--- TASK DIRECTIONS ---
When you reach the line with "This is a brand" in the records below, begin transcribing exactly and continue up to and including the line with "What we're about", leaving out every picture.

--- RECORDED INFORMATION ---

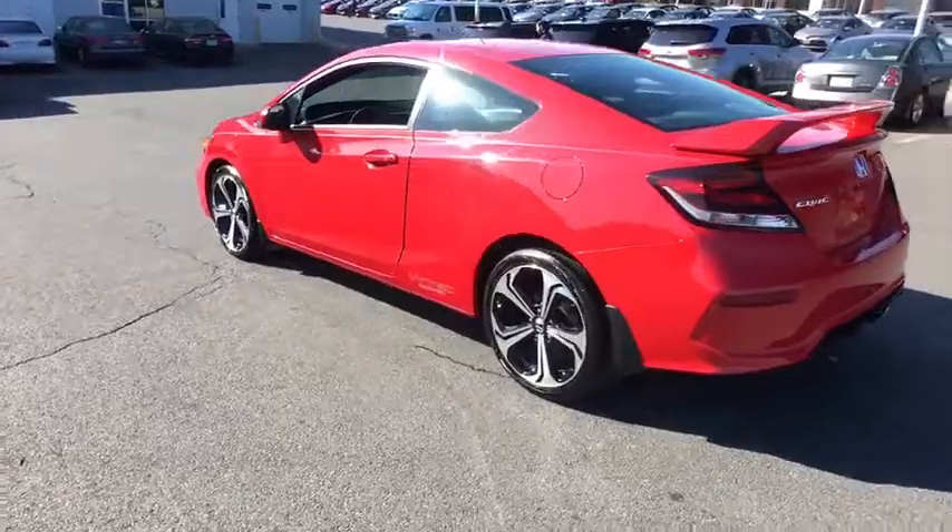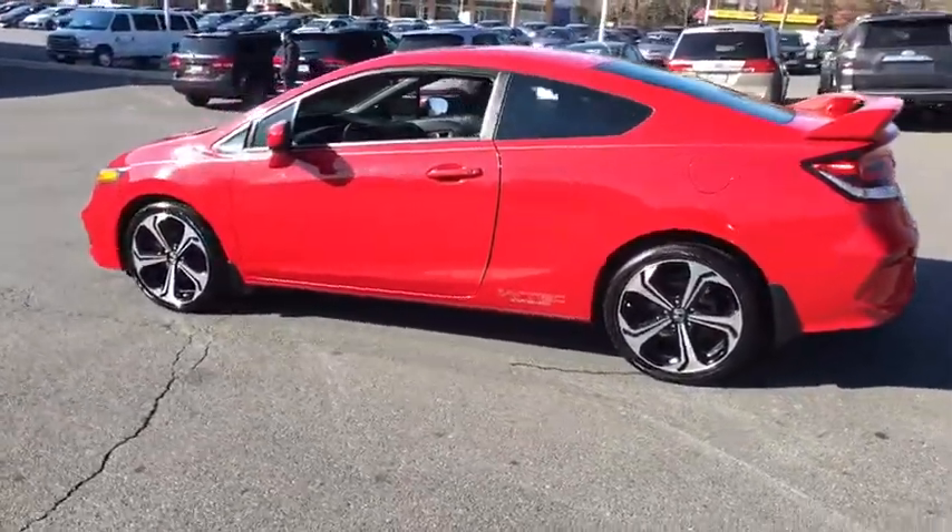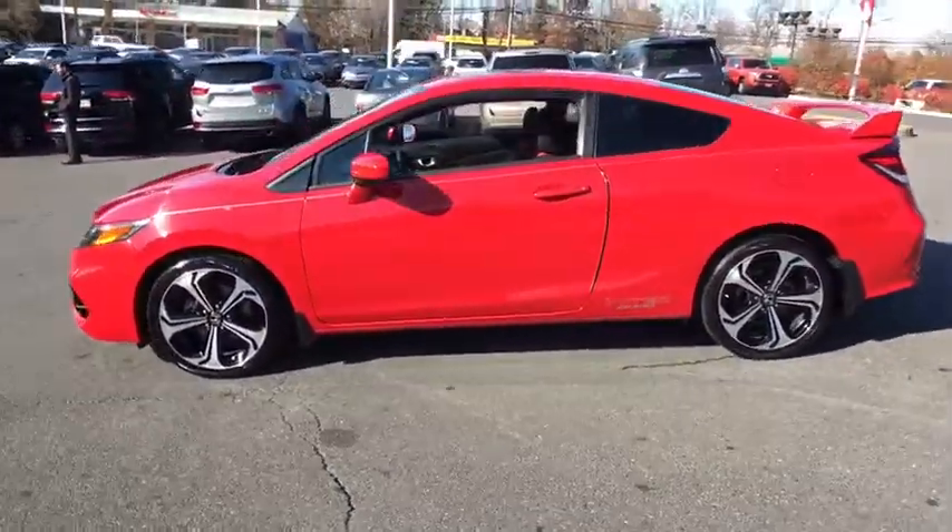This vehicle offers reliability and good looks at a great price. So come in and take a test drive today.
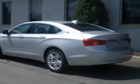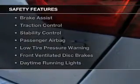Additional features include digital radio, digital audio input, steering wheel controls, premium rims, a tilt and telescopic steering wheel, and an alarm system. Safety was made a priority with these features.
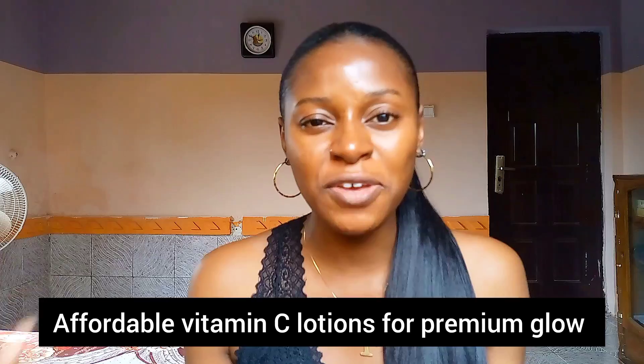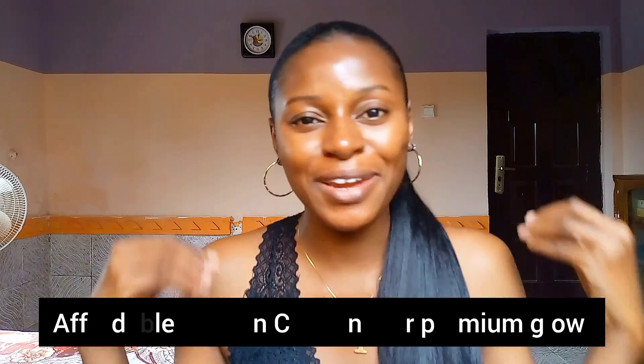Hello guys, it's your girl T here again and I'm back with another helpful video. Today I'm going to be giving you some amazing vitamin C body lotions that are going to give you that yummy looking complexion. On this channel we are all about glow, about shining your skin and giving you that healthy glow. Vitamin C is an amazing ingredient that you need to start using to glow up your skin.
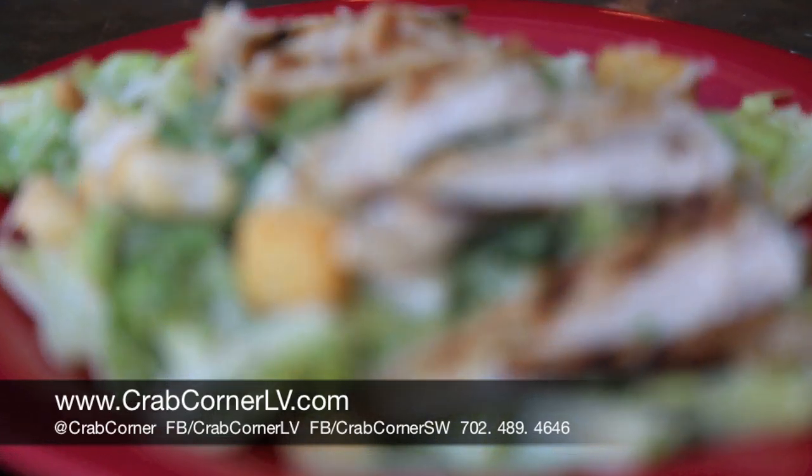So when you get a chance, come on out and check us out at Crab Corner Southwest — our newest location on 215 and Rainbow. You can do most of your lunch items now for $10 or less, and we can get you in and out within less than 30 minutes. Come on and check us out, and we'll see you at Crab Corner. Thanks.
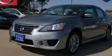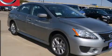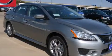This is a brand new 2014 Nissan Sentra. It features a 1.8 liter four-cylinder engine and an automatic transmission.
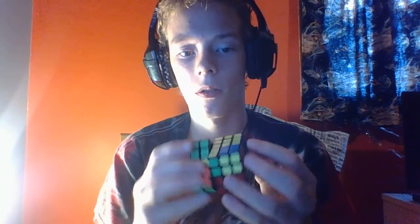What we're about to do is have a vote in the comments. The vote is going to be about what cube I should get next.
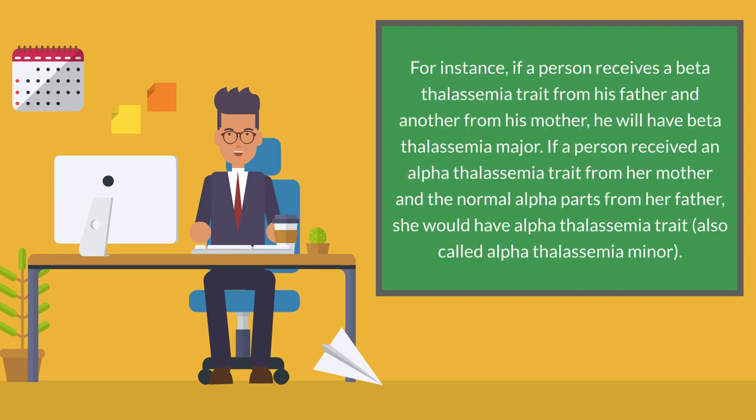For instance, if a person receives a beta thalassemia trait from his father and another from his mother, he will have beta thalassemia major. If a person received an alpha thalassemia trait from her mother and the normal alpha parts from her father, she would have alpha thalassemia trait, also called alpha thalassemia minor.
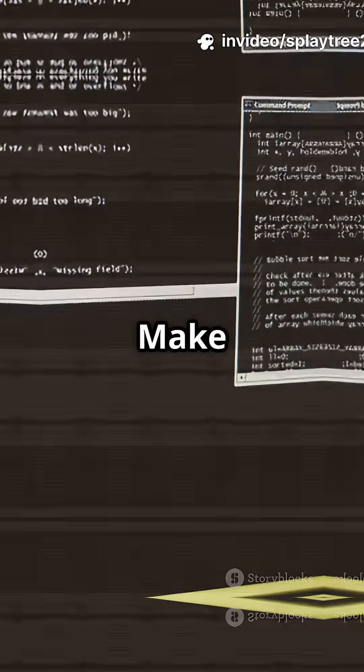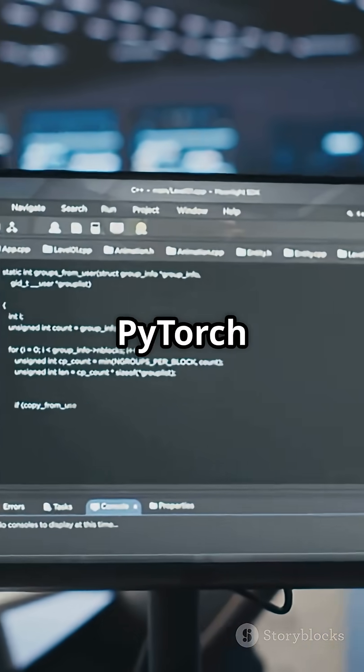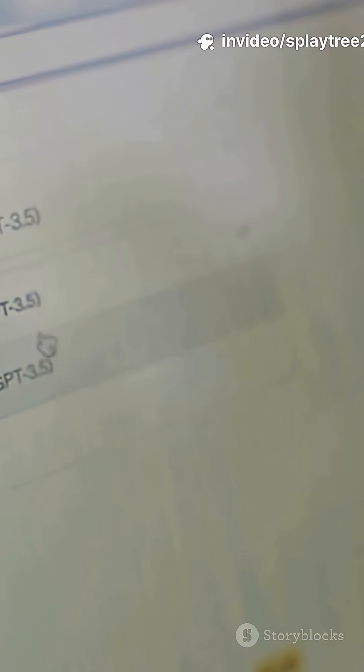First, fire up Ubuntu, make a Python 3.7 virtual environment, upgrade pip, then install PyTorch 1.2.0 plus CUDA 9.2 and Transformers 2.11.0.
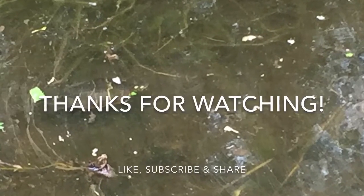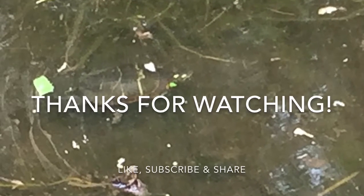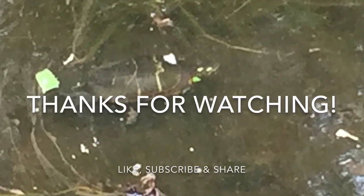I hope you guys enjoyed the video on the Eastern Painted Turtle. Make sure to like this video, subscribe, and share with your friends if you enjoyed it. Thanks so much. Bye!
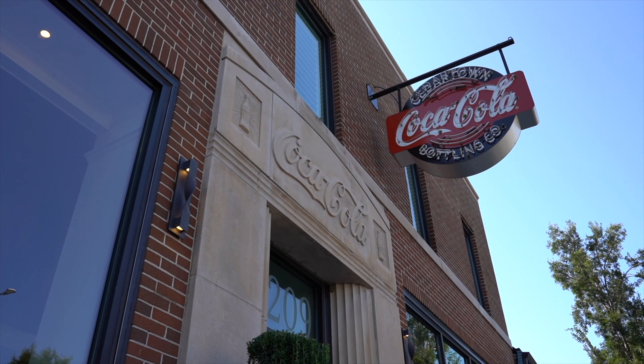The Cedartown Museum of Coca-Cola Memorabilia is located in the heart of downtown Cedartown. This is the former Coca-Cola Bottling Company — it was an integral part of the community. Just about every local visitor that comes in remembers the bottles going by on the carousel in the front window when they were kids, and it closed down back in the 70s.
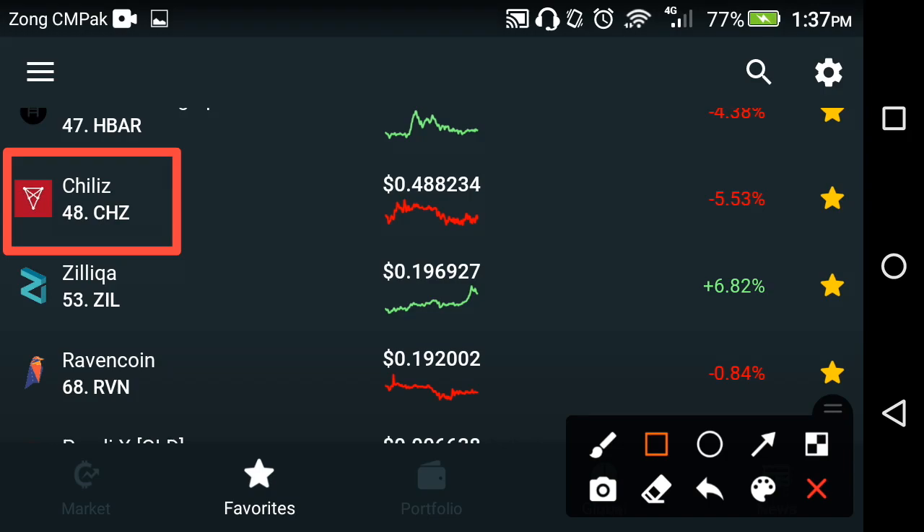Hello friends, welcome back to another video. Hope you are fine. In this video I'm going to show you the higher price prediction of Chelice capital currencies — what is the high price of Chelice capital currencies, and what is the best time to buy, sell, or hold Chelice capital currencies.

--- WRITTEN REPLY ---
This is a brand new 2014 Nissan Sentra. It features a 1.8 liter four-cylinder engine and an automatic transmission.
What we're about to do is have a vote in the comments. The vote is going to be about what cube I should get next.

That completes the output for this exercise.